By Juan Gabriel Vásquez (Trans: Anne McLean)
When Gabriel Santoro, a young journalist, publishes his first book, it is well received except for one reviewer who savages it — his father. The father is a distinguished professor and lawyer and he does not just take against his son’s book. He hates it. Clearly, the son has crossed some line. But what is it?
This is the first of several mysteries in The Informers, a novel by the young Colombian writer, Juan Gabriel Vásquez. Young Santoro sets out to find out what crime he has committed and, as he draws back layer after layer, he finds the answer is buried in his father’s past, in an act of betrayal that ruined several lives.

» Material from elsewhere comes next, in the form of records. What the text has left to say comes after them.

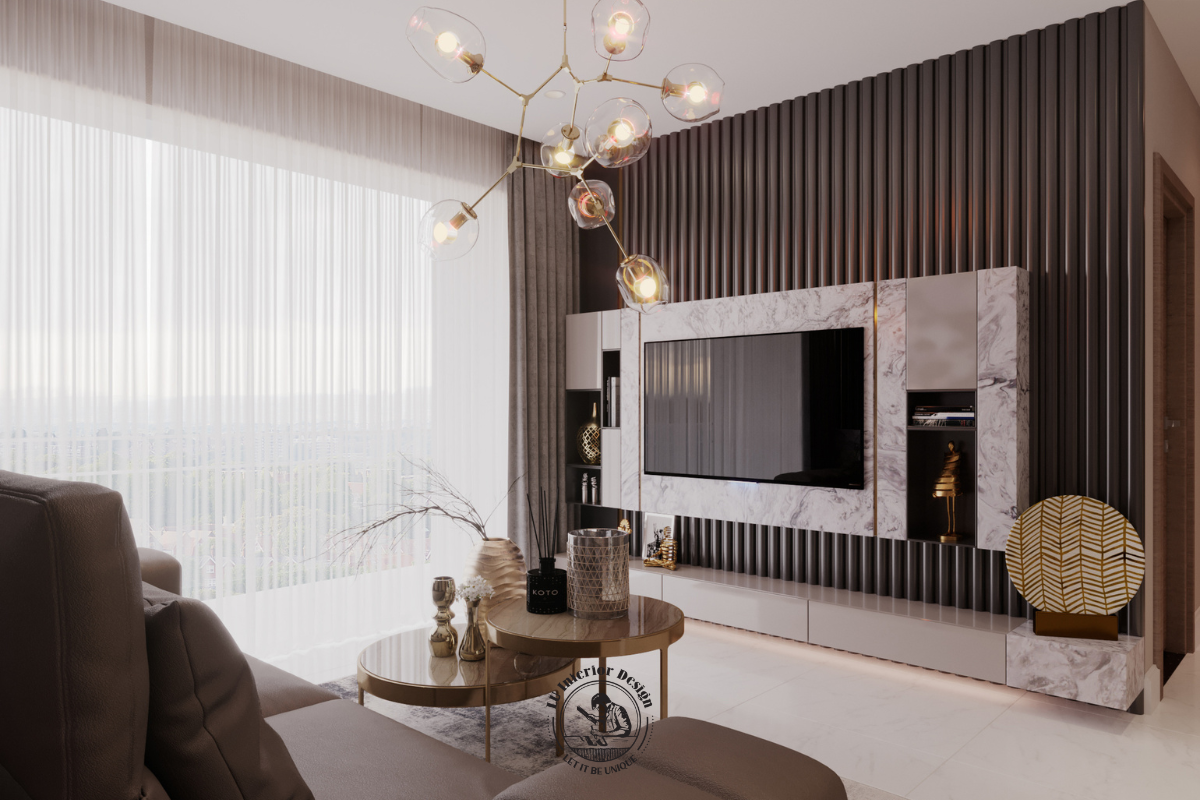 Khu vực kệ TV thiết kế hiện đại kết hợp vân đá marble cao cấp và hệ thống đèn hắt sáng, tối ưu không gian lưu trữ và thẩm mỹ.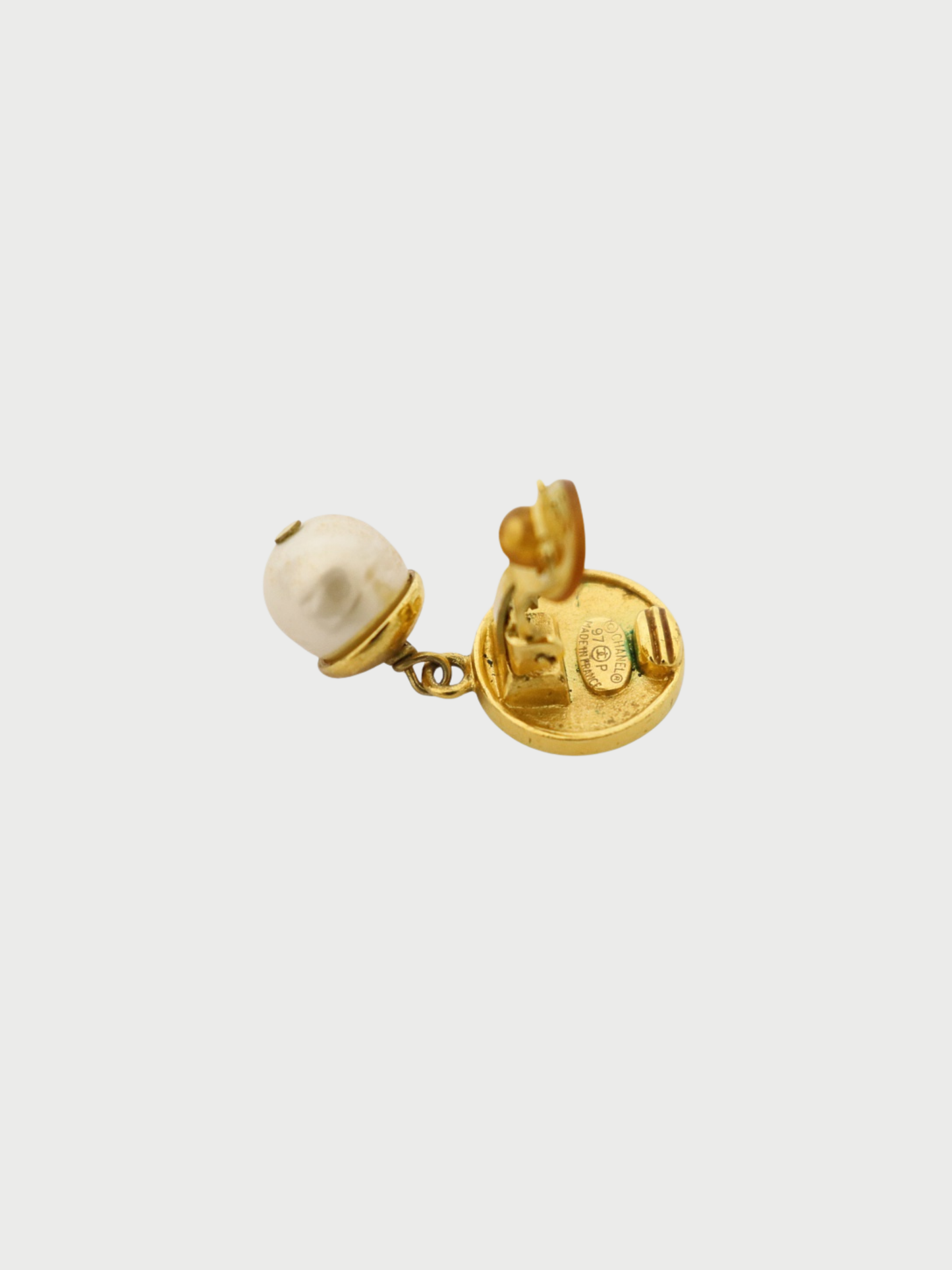 Chanel 1990s Gold Plated Metal Pearl COCO Drop Earrings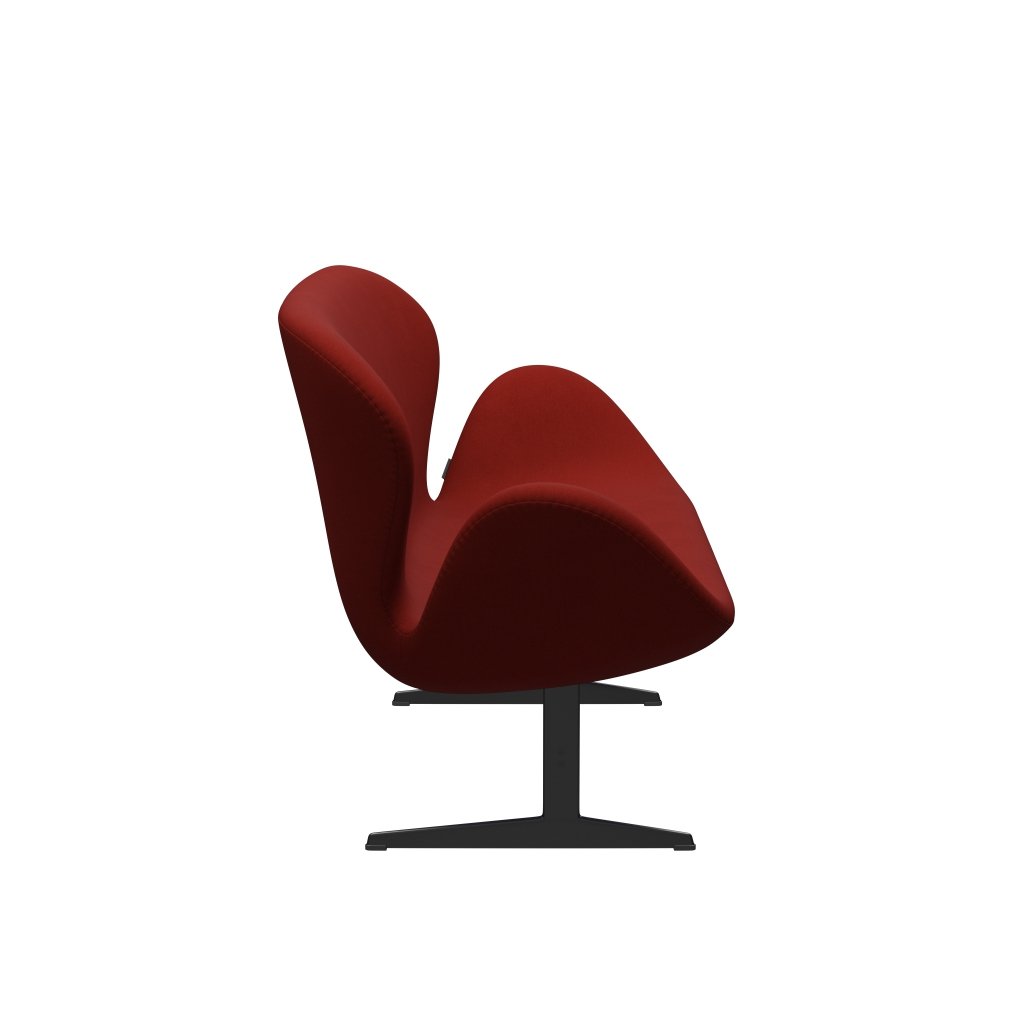 Fritz Hansen Swan Sofa 2 Seater, černý lak/comfort red red (00028)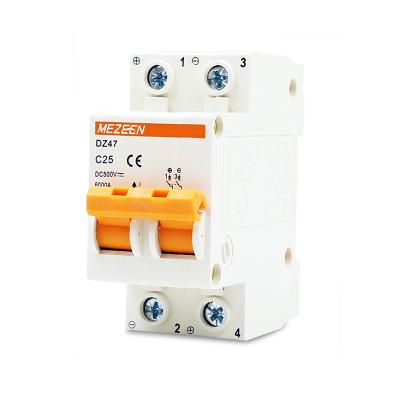 China Silver DC Copper/DC MCB Parts Mini Circuit Breaker 2P 25A 500V 6kA Contact Din Rail For Solar PV System Disconnecting OEM ODM for sale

Young Santoro’s book, A Life in Exile, tells the life story of Sara Guterman, an old family friend and Jewish refugee who escaped from Nazi Germany and came with her family to start a new life in South America. The book within which this book exists, The Informers, moves between modern-day Colombia and the 1940s when, under pressure from the United States, Colombia introduced a blacklist for Nazi sympathisers. The blacklist was “a sort of civil death: the impossibility of carrying out any economic activity whatsoever.” Families were ruined, including the family of Konrad Deresser, a German refugee who has never adjusted to his new life in exile. But how did an innocent refugee, struggling to run a small glass-making factory, fall into ruin? And what could this have to do with Sara Guterman and Santoro’s father?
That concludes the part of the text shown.